You know what I wonder, late at night? I wonder whether if Bill Gates had gone the traditional route and created the Gates Foundation at the very end of his life, the Gates Foundation would have been devoted not primarily to education and health (as it is now), but to promoting computer literacy across the world. I think it could have happened, easily, if he’d been too old or too disengaged to be heavily involved: his philanthropic advisors and consultants could have asked “What does Bill Gates want?” and answered “Computer-related charity, because he was a computer guy.”
By thinking of themselves as “serving” him, they would have failed to do so – because they would have assumed his desires to revolve around “creating a legacy” and “fulfilling his personal values” in a narrow sense.
Instead, the Gates Foundation is just trying to help people as effectively as it can, however that is done.

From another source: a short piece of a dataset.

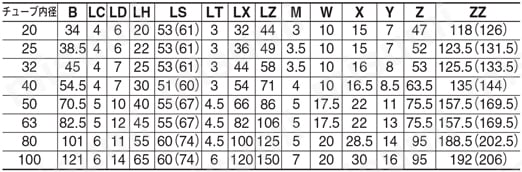 エアシリンダ クリーン・低発塵 10-／11-／20-／21-／22-CG1-Zシリーズ 軸方向フート形(L) ラバークッション付規格表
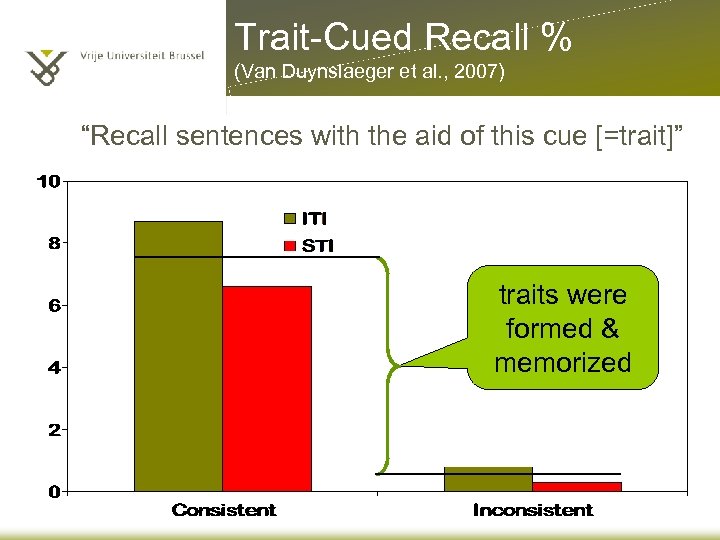 Trait-Cued Recall % (Van Duynslaeger et al. , 2007) “Recall sentences with the aid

Gates is dealing with health and education because he thinks those are the biggest problems. The goal is broad and simple: make the world a better place. That’s what Bill Gates wants. Why wouldn’t it be?
I’m sure some people see charity as a way to please their vanity or create a legacy first, and a way to improve the world second. But is this as common as the world of nonprofit marketing seems to assume (and arguably, by assuming, to enforce)? The conversations I have about charity – including with wealthy people – invariably assume a common goal of helping people however that is best done. Unlike conversations about food or movies, these conversations really have almost nothing to do with personal (i.e., non-shared) values.
Anecdotally speaking, it seems that foundations whose funders are personally very involved (Omidyar, Skoll, Robin Hood, Google.org) are almost universally broad in their missions. Their mission statements have little to do with their founders’ biographies; instead, they’re just pursuing what they think are the most effective means to helping the world. It’s the foundations with dead or disengaged funders that have the narrow, “personal” missions, trying to improve life for 5’11” blue-eyed men or whatever. With no evidence, I blame consultants and marketers who tried to “listen to the donor,” when they would have gotten further by listening to themselves.